Folders are lists of files.

Collections are groups of folders. I'm using the term "collections" because I don't know what else to call them.


RSS vs r_view

As I said before, the r_view/XSPF method doesn't seem to handle certain folders, while RSS does.

An example:

r_view: http://www.ex.ua/r_view/17247363

XSPF: http://www.ex.ua/filelist/17247363.xspf

RSS: http://www.ex.ua/rss/17247363?count=100

Only RSS can list collections. However it only seems to be able to return the first 100; I have not found any pagination options.

NOTE: Notice how in the r_view URL the `file_upload_id` tag's `preview` parameter had the same filename as the `picture` tag's `URL` parameter? Please don't quote me on this, but this might be a consistent way to detect collections.


r_search_hint

Found this first (also hiding in the JS). It's cute but not useful. `http://ex.ua/r_search_hint?s=flac`


r_search

I lobbed _hint off the above URL experimentally, and raised the roof in IRC when it worked. Using this we can search for anything we want! It returns a list of matching IDs.

This is not useful for automated archiving, but critical for manual prioritization.

After trying a bunch of URLs I found `count` worked with RSS, so I tried it with this URL as well. `count` can go up to 500 here :D


user_say

One of the few HTML links that still work. Examples are `http://www.ex.ua/user_say?login=888_888 and http://www.ex.ua/user_say?login=big_bud.

You can specify `p` to select the page number, zero-indexed. (So `p=1` is page two.)

You can specify `per` to set the number of items per page. 200 is the max. (Use a consistent `per` with all searches as the site doesn't use an "after=..."-type system.) The website (ie in a browser) seems to remember the `per` setting you use, FWIW.


user_recommend

This is similar to user_say except it seems to be for things a user likes.

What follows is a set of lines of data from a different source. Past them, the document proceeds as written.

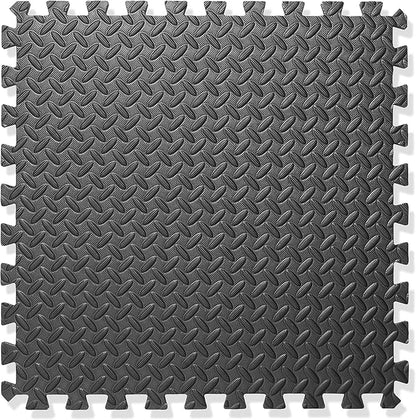 Philosophy Gym Pack of 6 Exercise Flooring Mats - 24 x 24 Inch Foam Rubber Interlocking Puzzle Floor Tiles - Black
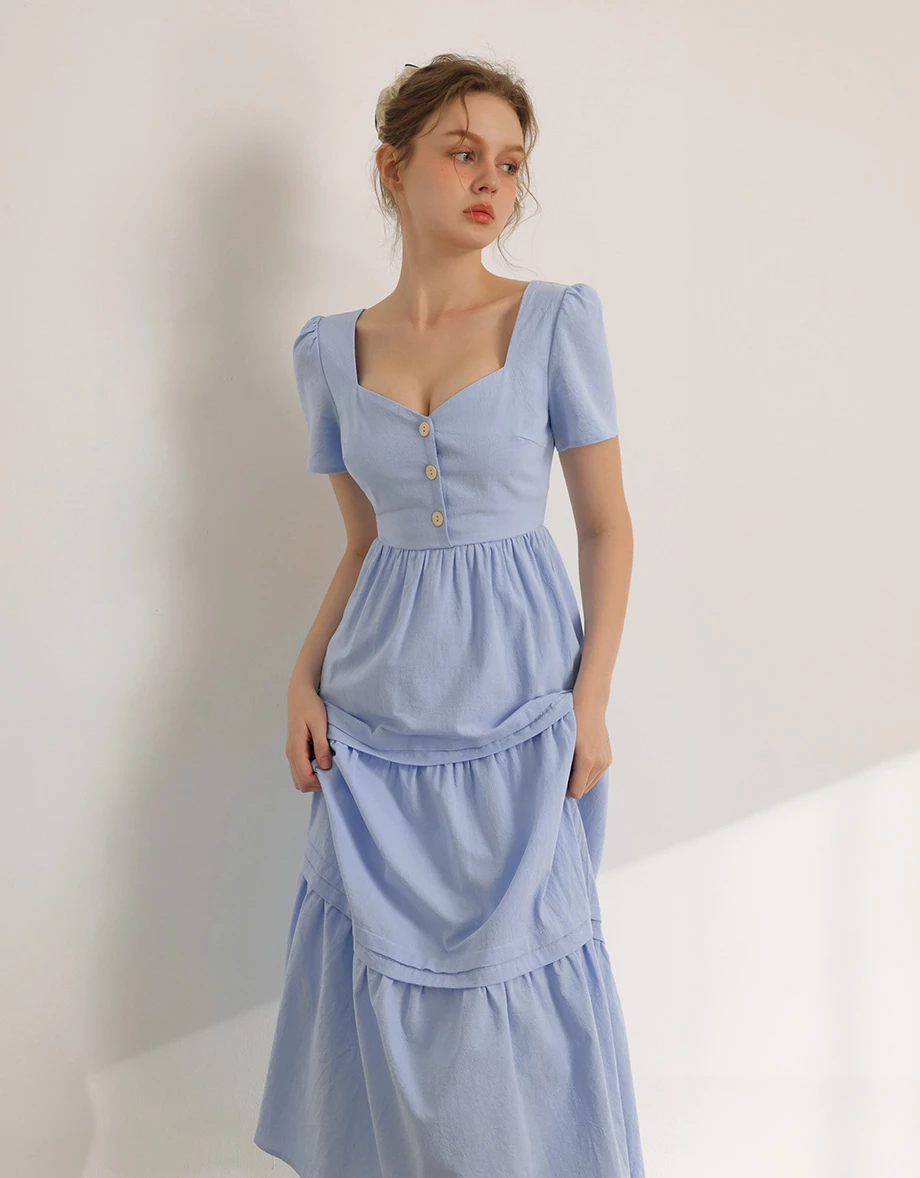 V領排扣澎袖蛋糕長洋裝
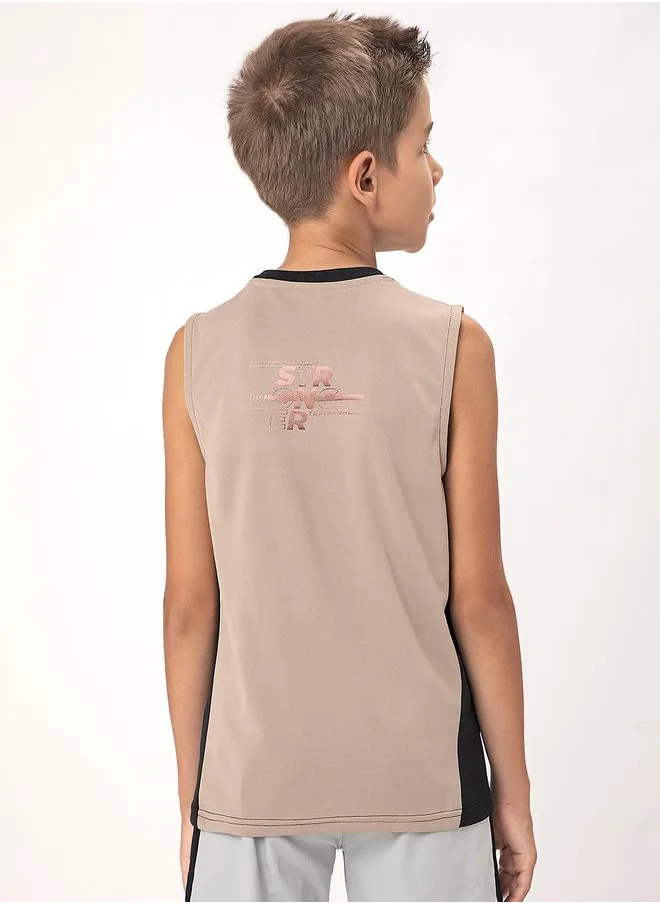 Technosport Logo Detail Crew Neck Sleeveless T-Shirt by Styli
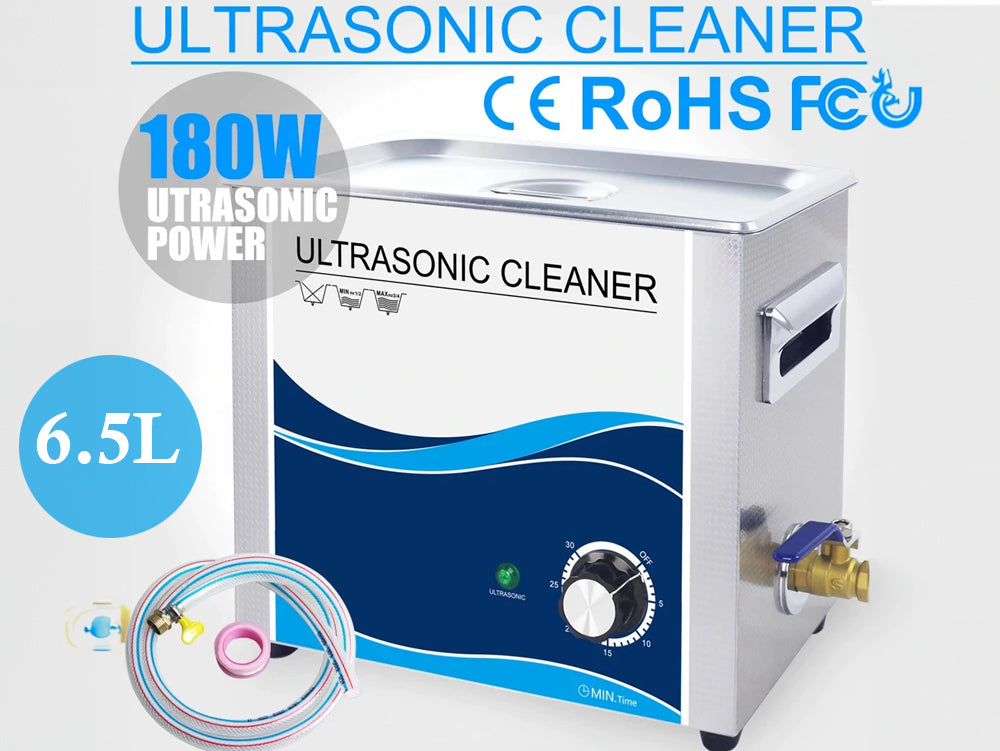 180W Ultrasonic Cleaner 6.5L – Stainless Steel Ultrasonic Cleaner with Heating and Timer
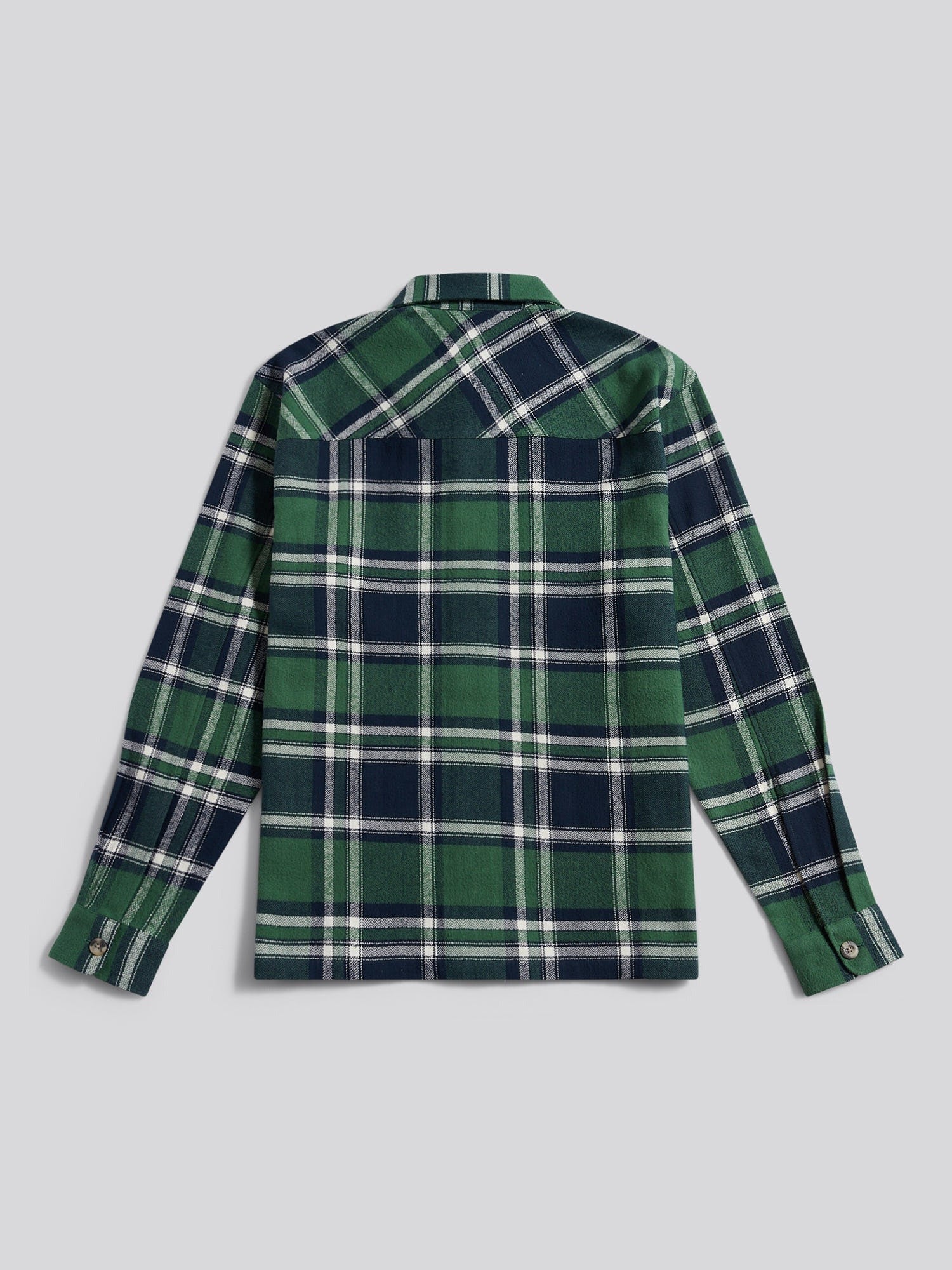 Men's Enlarged Check Overshirt in Pineneedle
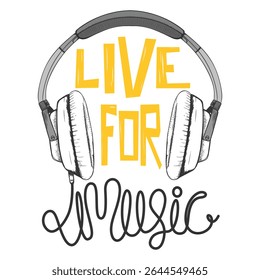 Music Graphic Design With Headphones Vector Illustration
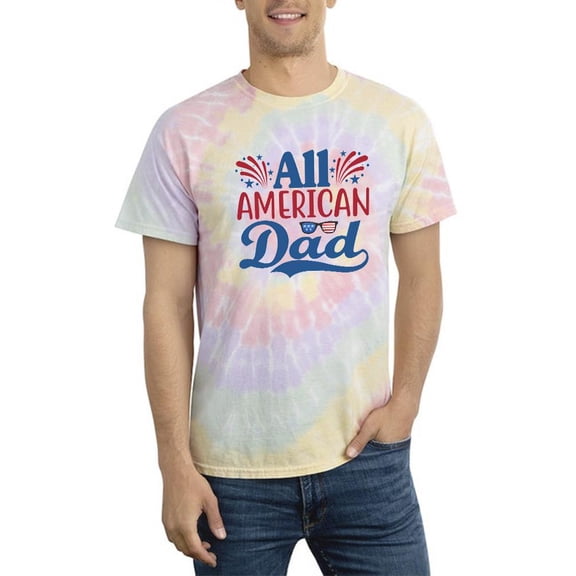 All American Dad Fireworks Tie Dye Spiral Men -Image by Shutterstock, Male Large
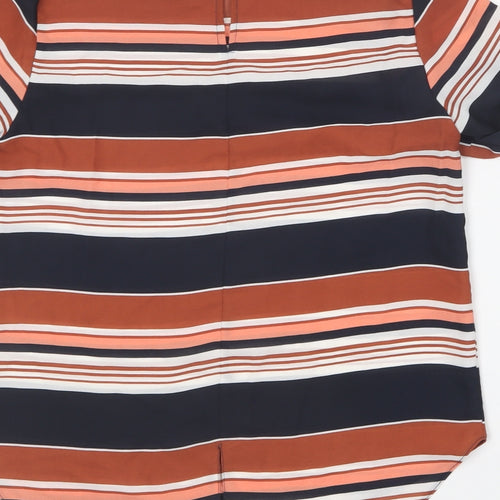 Dorothy Perkins Womens Multicoloured Striped Polyester Basic Blouse Size 8 Round Neck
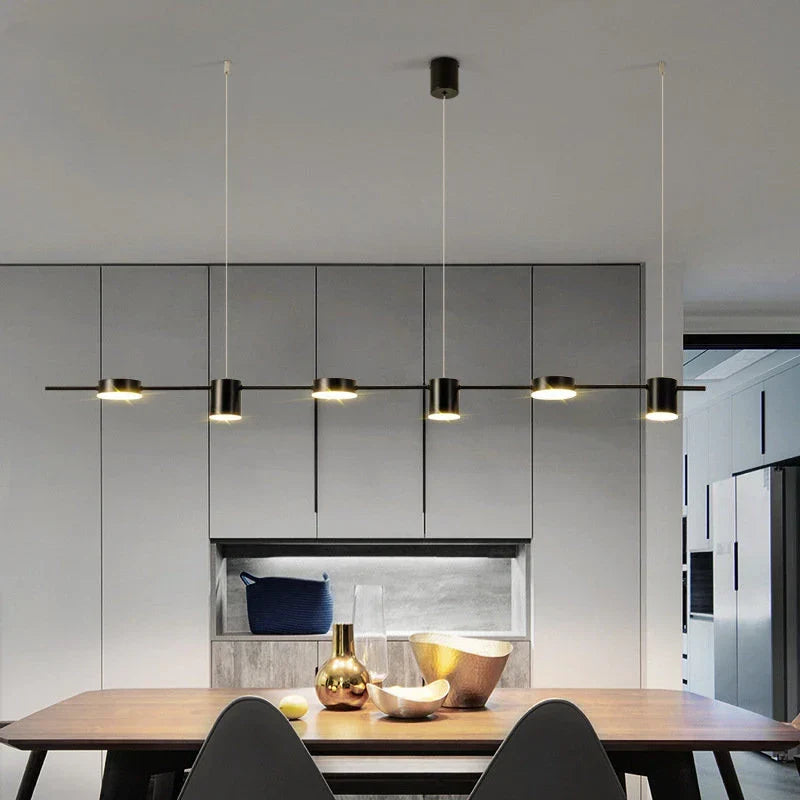 Moderne lineaire plafond-hanglamp met verstelbare spotlights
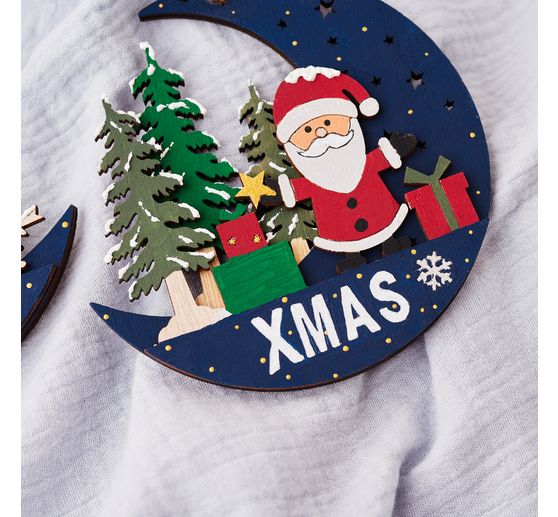 Décorations à suspendre en bois VBS « Demi-lune, Père Noël et Snowy », set de 2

It appears to be possible to switch this off, and some users have turned it off. I would consider this lower priority to crawl, if at all.


Recommended strategy

  1. Use `r_view` with bruteforced IDs to fetch contents of folders. Consider also fetching the image that gets returned (nice-to-have, but not important).
  1. Use userlist(s) with `user_say` to fetch archives of what users have written about. I understand this will include their comments and the files they have publicly released.
  1. Check for an RSS feed on every folder ID that seems to be a collection (going off the suggested heuristics above, along with your own ideas) - or alternatively do RSS scans on every ID. I consider the RSS feeds a nice-to-have "extra", and not part of the crawling operation, as collections simply provide a way to group folders together, you're getting the folder list anyway, and we don't yet know how to return more than the 100 most recent RSS items, so it's not particularly introspective.